第26話 森からの帰還

 わたしがエルフ達の所に着くと、もう完全に夜が明けていた。


「先に街に帰ってくださいって言ってました」


 弓使いの手当てをする剣士に向かって言った。剣士は頷くと弓使いを背負い、荷物を取りに歩き出した。剣士が持てない荷物は、わたしが持つ。


 道の無い木々の間から小道へ出る。警戒しながら進んだ昨日までと違って、速く歩けている。今日も暑いし、荷物も重いが気持ちは楽だった。森が少し明るくなったように感じた。


 剣士の背中で揺られていた弓使いは、途中で目を覚ました。弓使いは、混乱していた様子だったが、すぐに剣士に対して言う。


「アクロ、アクロ、大丈夫?」


 剣士の名はアクロというのか。アクロが答える。


「大丈夫だ。仕事は終わった」


 剣士はわたしに一言も喋らなかったし、ずっと真剣な目つきで怖かったけれど、この一言は優しい声色だった。表情も柔らかくなって、わたしに対して、荷物を持ってもらって済まないと言った。二人が無事で良かったと思った。

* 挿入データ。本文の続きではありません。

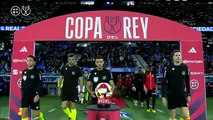 Resumen | Copa del Rey | Real Sociedad 1(4)-1(5) RCD Mallorca | Semifinal (vuelta)
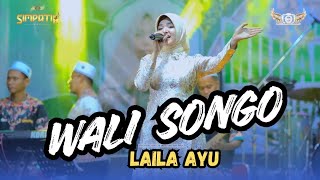 Download lagu WALI SONGO - LAILA AYU - SIMPATIK MUSIC KARANGANYAR PONCOKUSUMO MALANG RAMAYANA AUDIO mp3 Download lagu WALI SONGO - LAILA AYU - SIMPATIK MUSIC KARANGANYAR PONCOKUSUMO MALANG RAMAYANA AUDIO mp3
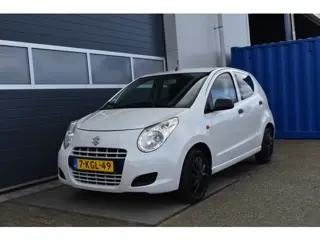 Suzuki Alto 1.0 Comfort EASSS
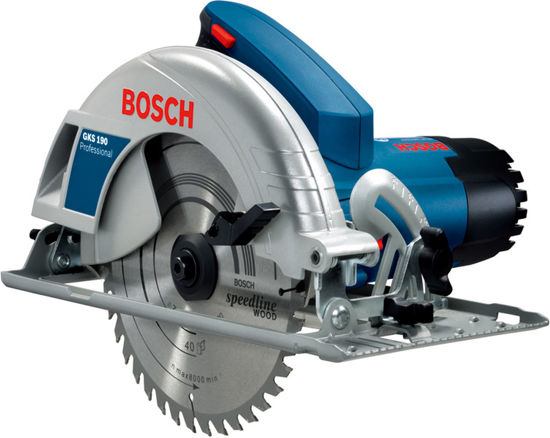 Picture of Bosch Circular Saw GKS 190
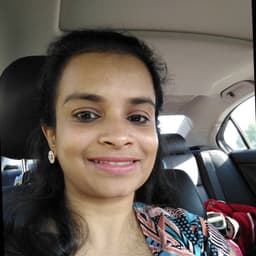 Anjana Venkat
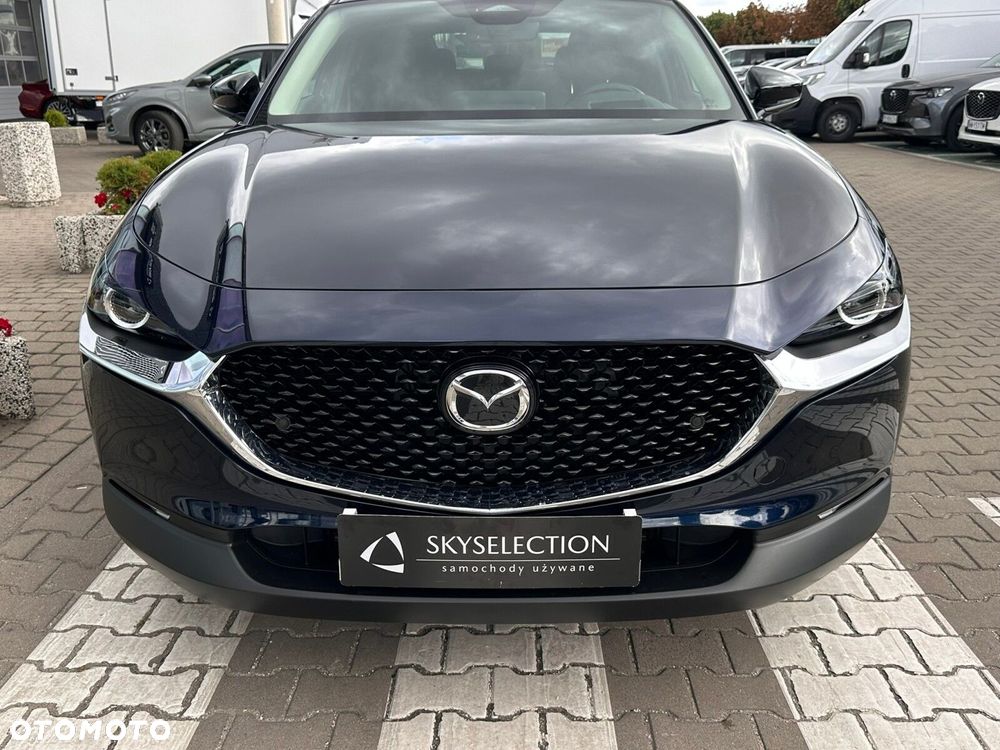 Mazda CX-30 - 3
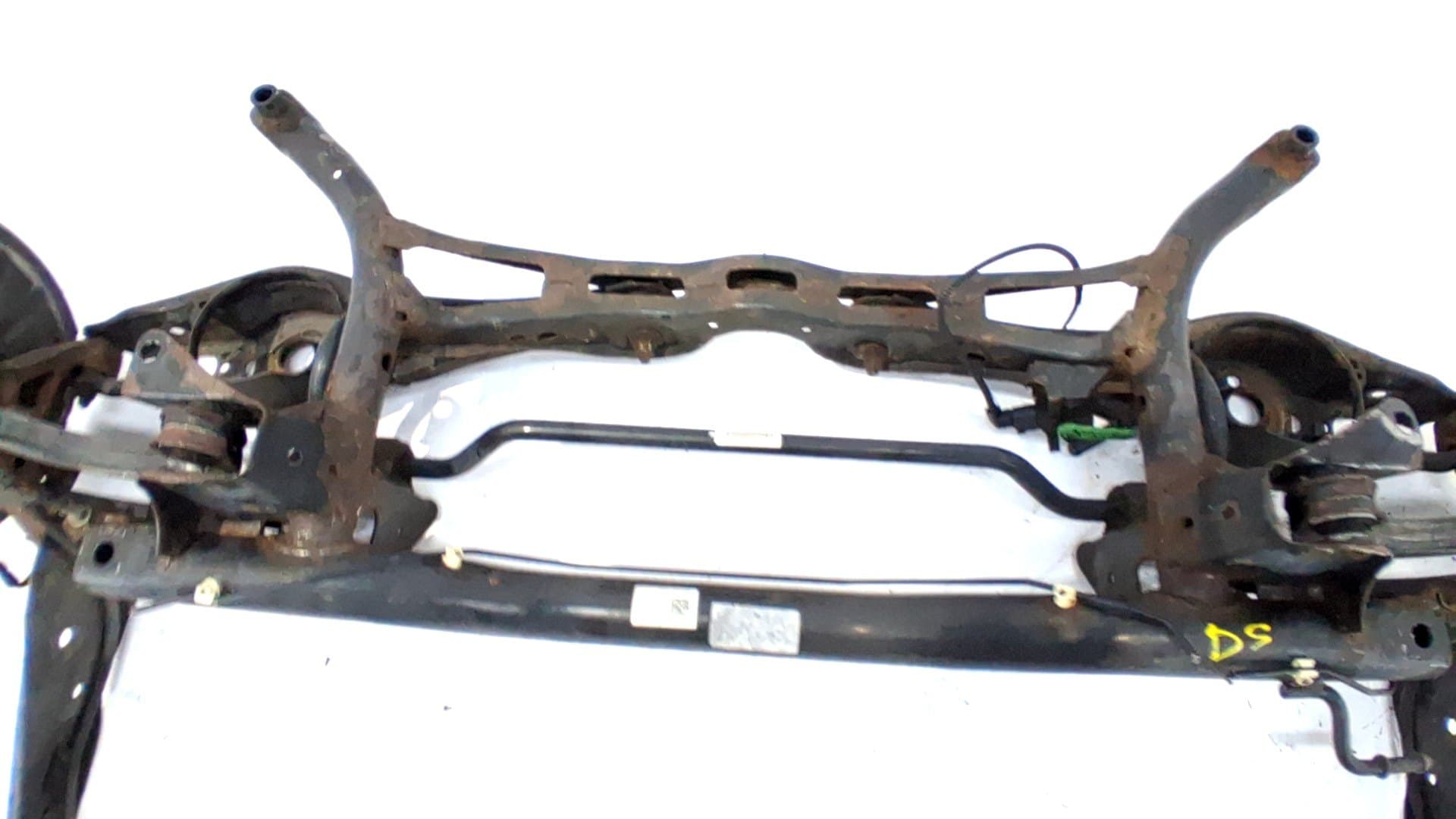Puente trasero AUDI A3 (8V) 3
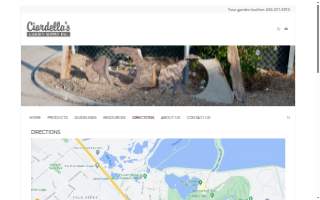 Ciardella's Garden Supply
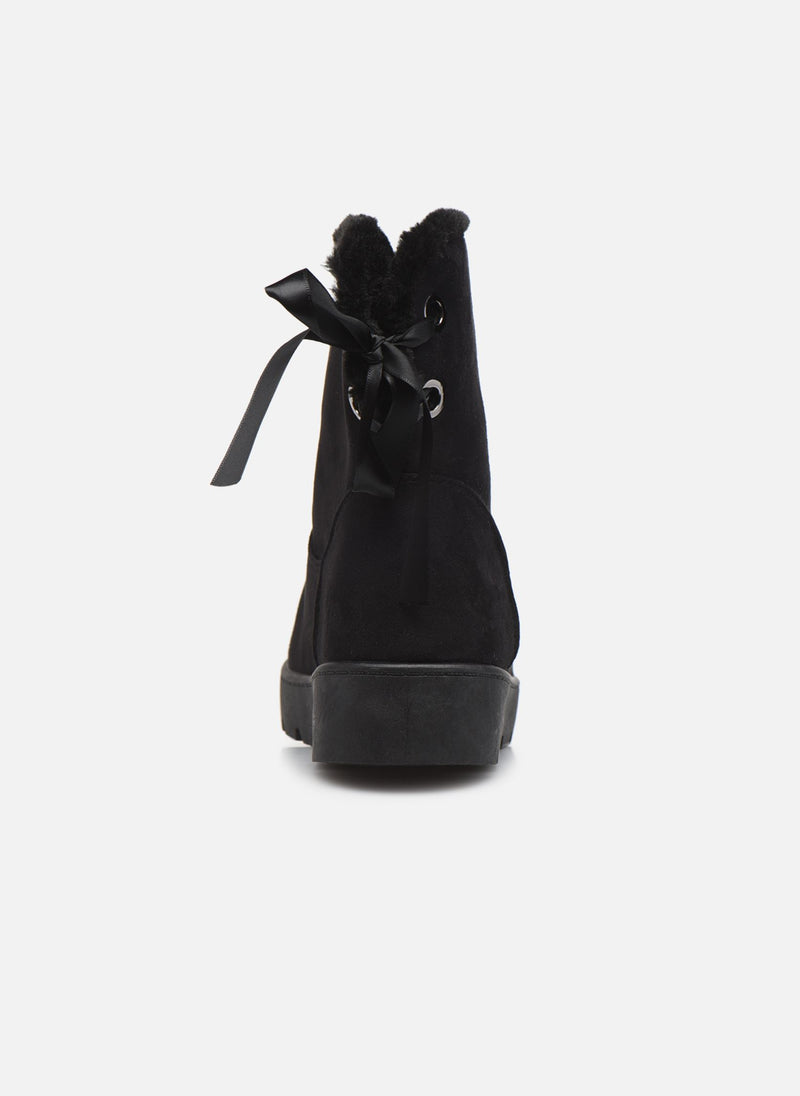 Botas mujer negro marrón 36 37 38 39 40 41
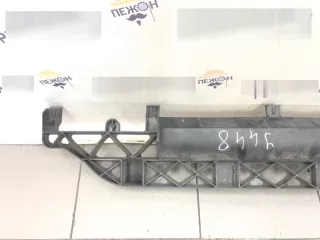 4L0807329 Кронштейн крепления бампера Audi Q7 4L Арт 2-12658, вид 2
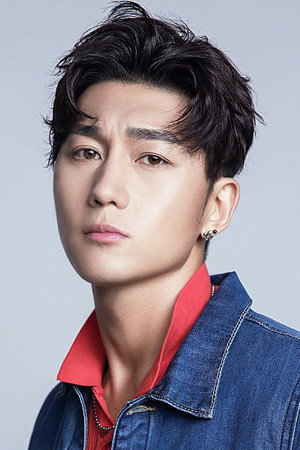 Shi Yuanting in Ace Game Test of Lovers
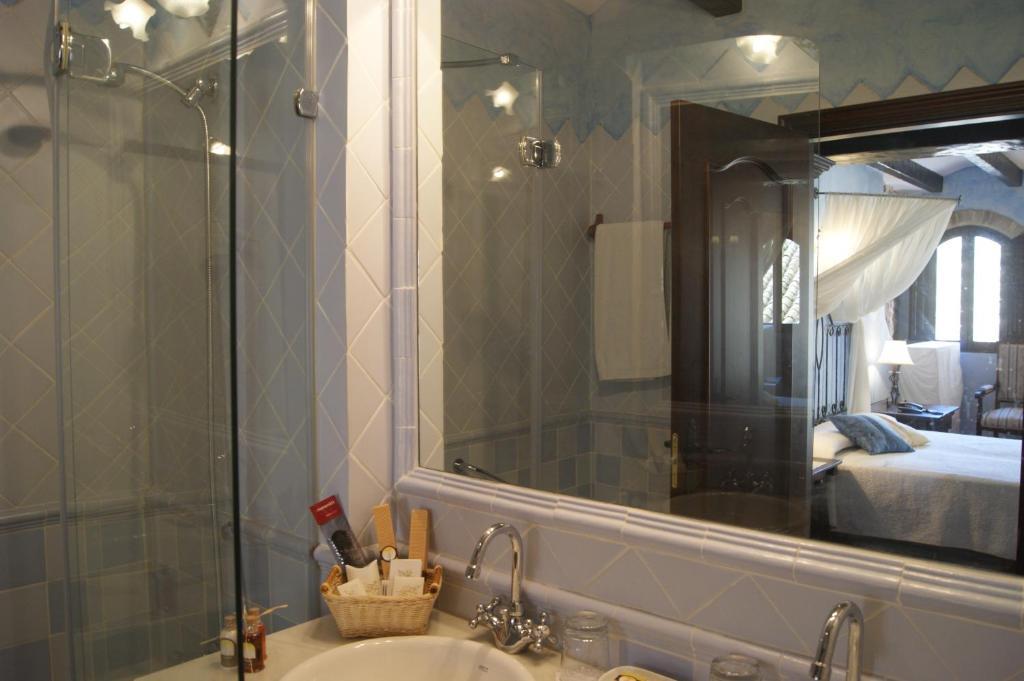 Hostal La Panavera El Perelló Rom bilde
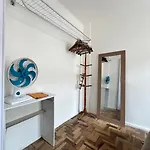 Apartamento 1 Quarto Botafogo
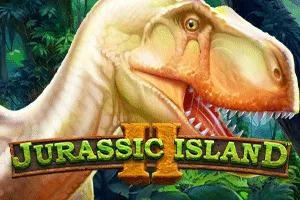 Jurassic Island 2 - AZGAMING388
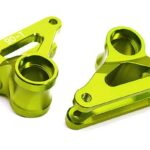 Billet Machined Alloy 90T PRO2 Rear Rocker Arms for 1/10 E-Revo 2.0 5358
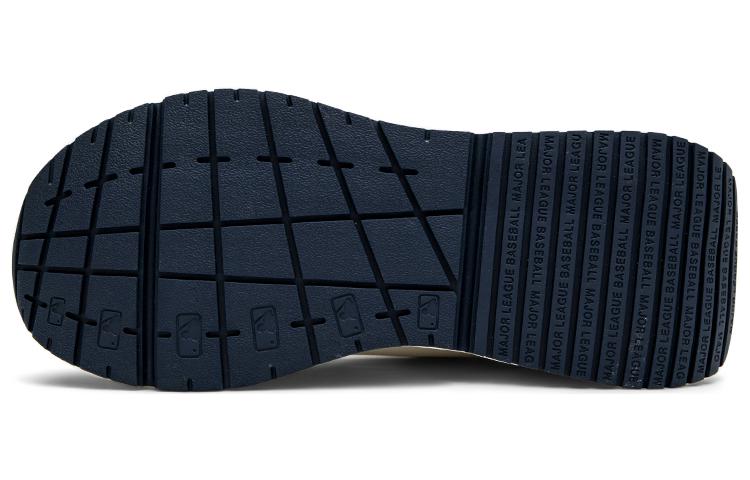 Purchase MLB 紐約洋基隊 防滑耐磨 低筒 老爹鞋 男女同款 黑色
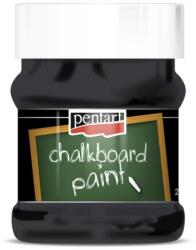 Pentart Táblafesték 230 ml fekete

 俺は、クローのところから逃げ帰り、荷物の場所に戻って来ていた。


 狼の傍に座り込んで治療魔法を使う。足の怪我さえ治ればいいだろう。治療の間、何かを悟ったように狼は暴れずに待っていた。縄を解いてやると森の奥に去っていく。


 喰いつかれてもおかしくなかったが、足に怪我をさせたのは俺じゃない。元の大きさに戻れば、こちらの方が大きいはずだし、喰いついて来ないのも当然か…。


 剣士が言っていた猫は居なかった。木に縛った縄だけが落ちていて、元の大きさに戻って縄が外れたと想像出来た。


 蜘蛛は小さくなってしまって、どこに行ったか分からない。


 小さくなった猿には土をかけておく。後始末は終わりだ。さあ俺も早く街に帰ろう。


 日が暮れかけた頃、やっと街に着く。リージュ達が気を回して、馬車馬を一頭置いていってくれたおかげで森から歩かずに済んだ。


 組合の事務所に入ると、リージュが机に頬杖を突いて眠っていた。エルフの二人は見当たらない。


 事務所の連中に抗議すると、事前に報酬は預かっていると言った。この事は意外な事で、俺にはあの男が分からなくなった。


 貴族に与えられた任務に忠実で、手段を選ばない行動が印象を悪くしているだけなのか? 立場を利用しながら宝石を集め、何か悪い事を企んでいる奴なのか?


 どちらであっても報酬を受け取らない理由にはしない。森で殺されていて、クローの手に戻るかもしれなかった金貨はもらって帰る。


 リージュが目を覚ましたようなので、声を掛ける。


「剣。持って帰って来たから、そこに置いとくぞ」


 寝ぼけたリージュが言う。


「ジオ。ありがと。しばらくの間、よろしく」


 暫くは身の危険がありそうだし、一緒に居るのも仕方無い。また俺の仕事が増えるのかと思うと大きな溜め息が出た。